Hell, if the Colin and Cameron Cairnes-directed chiller, about a late-night host whose Halloween episode goes very poorly, opens to even $3 million, it’ll be IFC’s 15th biggest grosser ever. The frankly delightful flick, which gives longtime character actor David Dastmalchian his first “mainstream” leading role, got picked up for domestic distribution by IFC amid last year’s fall festival run, and it’ll be on Shudder (the best $55-per-year you’ll ever spend if you’re a horror junkie) in about a month.
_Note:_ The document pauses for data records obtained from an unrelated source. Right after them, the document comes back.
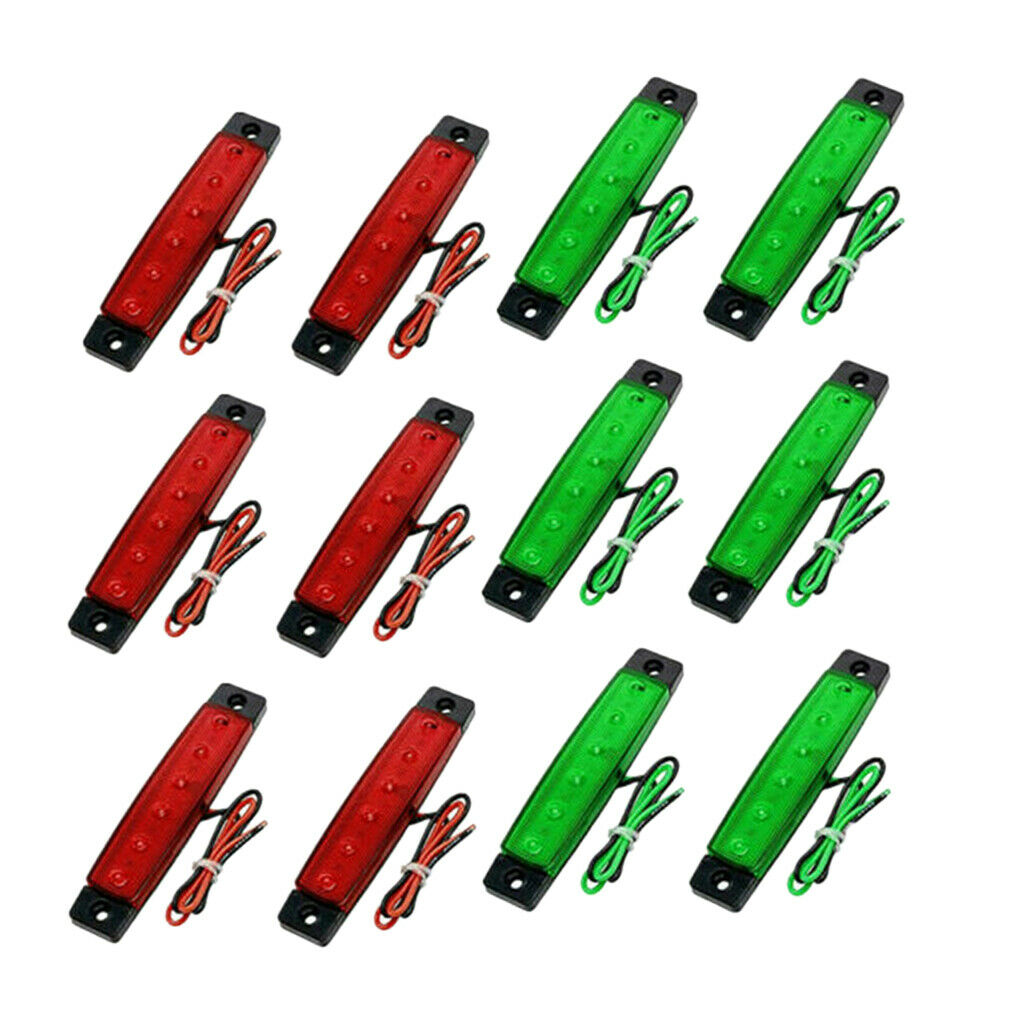 12Pcs Red + Green Boat Navigation Light LED Marine Lamps DC 12V for Kayak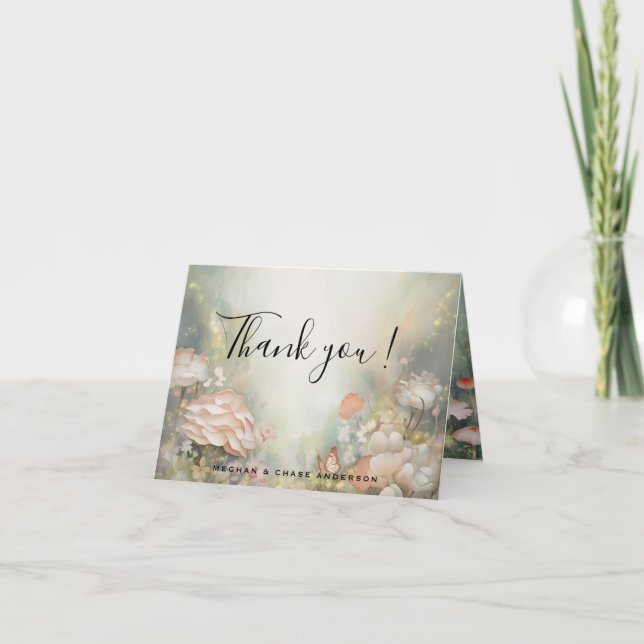 Fairy Tale Woodland Fairycore Romance Thank You Card (Front)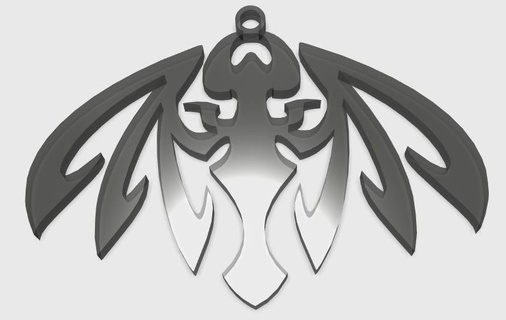 ninja simbolo 3d arte moda Portachiavi chiave pendente sym tribale simboli gioielleria 3d print model - Mito3D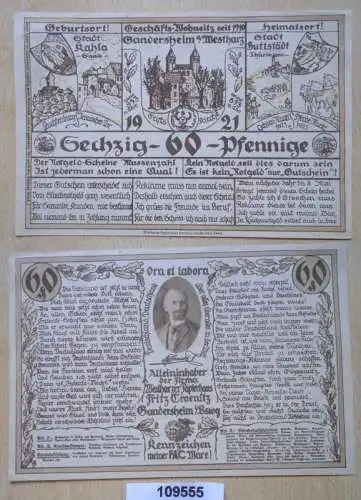 60 Pfennig Banknote Notgeld Gandersheim Westharz 1921 (109555)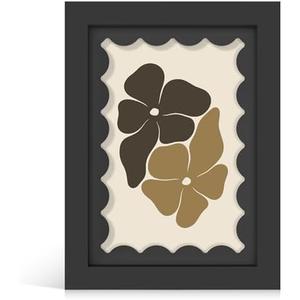 THKRLOF 5x7 Picture Frame with Real Glass, Wooden cute 5 x 7 Photo Frame with Wavy Mat for Tabletop and Wall Hanging, Black, 1 Pack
Again, most IFC releases don’t open (or play) super wide, so these huzzahs are on an obvious curve.
Their previous top opener was Chloe Okuno’s terrific stalker thriller Watcher, which opened to $826,775 in 764 theaters in June 2022 before ending with $1.9 million domestic. There was controversy over the Australian filmmakers’ use of AI for a few brief images and a counter-discourse over whether folks should be piling on a low-budget original indie flick made two years ago. Fair or not, the negative publicity seems to have raised the film’s profile. Whether all publicity is still good publicity, the controversy probably created quite a bit of “free media” awareness heading into this opening.
Again, we’re talking about a horror film that will open with $5 million and another with around $3 million. This is another “yay for studios, not-so-yay for theaters,” even if multiplexes will happily take that $8 million in revenue this weekend.
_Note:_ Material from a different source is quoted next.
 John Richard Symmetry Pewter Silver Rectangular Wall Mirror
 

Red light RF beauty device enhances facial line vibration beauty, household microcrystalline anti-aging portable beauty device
Meanwhile, in holdover news, Legendary and WBD’s Dune Part Two earned another $4.5 million (-47%) to bring its cume to $220 million, both doubling the $108 million lifetime cume of Dune and passing the $219 million total of Wonka. It’ll earn around $16.6 million (-42%), another great hold even as it lost those Imax and (many of its) PLF screens, for a new $232 million domestic and (if the domestic/overseas split holds) around $560 million worldwide.
Universal and DreamWorks’ Kung Fu Panda 4 earned $4.05 million (-54%), taking a slight hit from Ghostbusters: Frozen Empire as a kid-friendly movie of choice. This will likely result in a $14.5 million (-52%) weekend and a still-terrific $131 million 17-day domestic total. It should have – including an expectedly merely okay showing in China ($20 million as of Saturday after $8.8 million in previews and a lousy $2.9 million Friday) around $240 million worldwide. That’s still nearly triple its $85 million budget, with plenty left in the can.
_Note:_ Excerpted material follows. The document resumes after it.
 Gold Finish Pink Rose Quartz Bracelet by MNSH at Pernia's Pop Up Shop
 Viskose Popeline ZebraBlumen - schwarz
Lionsgate’s Mark Wahlberg-starring Arthur the King grossed $1.2 million (-60%) for a likely $4 million (-48%) second weekend and a meager $14.3 million ten-day total. Lionsgate’s Imaginary earned around $760,000 (-55%) on Friday for a likely $2.56 million (-54%) weekend and $23.4 million 17-day total. A24’s Love Lies Bleeding earned $484,420 (-56%) on its second Friday for a likely $1.6 million (-35%) weekend and $5.7 million ten-day total. That’s not much, but it might still pass the inflation-adjusted ($3.8 million in 1996, $9 million in 2022 ticket prices) domestic total of Bound.
Angel Studios’ Cabrini will earn another $1.37 million (-51%) for a $16.1 million 17-day total, with hopes for one last boost over Easter weekend. Paramount’s Bob Marley: One Love will earn around $990,000 (-57%) in its sixth weekend for a $95.2 million domestic cume. We’ll see if Paramount can work its magic (it’s got nothing on tap between now and If on May 17) to drag the musical biopic over the $100 million mark. The Anothony Hopkins-starring biopic, One Life, will earn $960,000 in 1,009 theaters for a $3.4 million ten-day cume. We’ll see if it can get past $5.7 million to crack Bleecker Street’s (unadjusted) top ten list.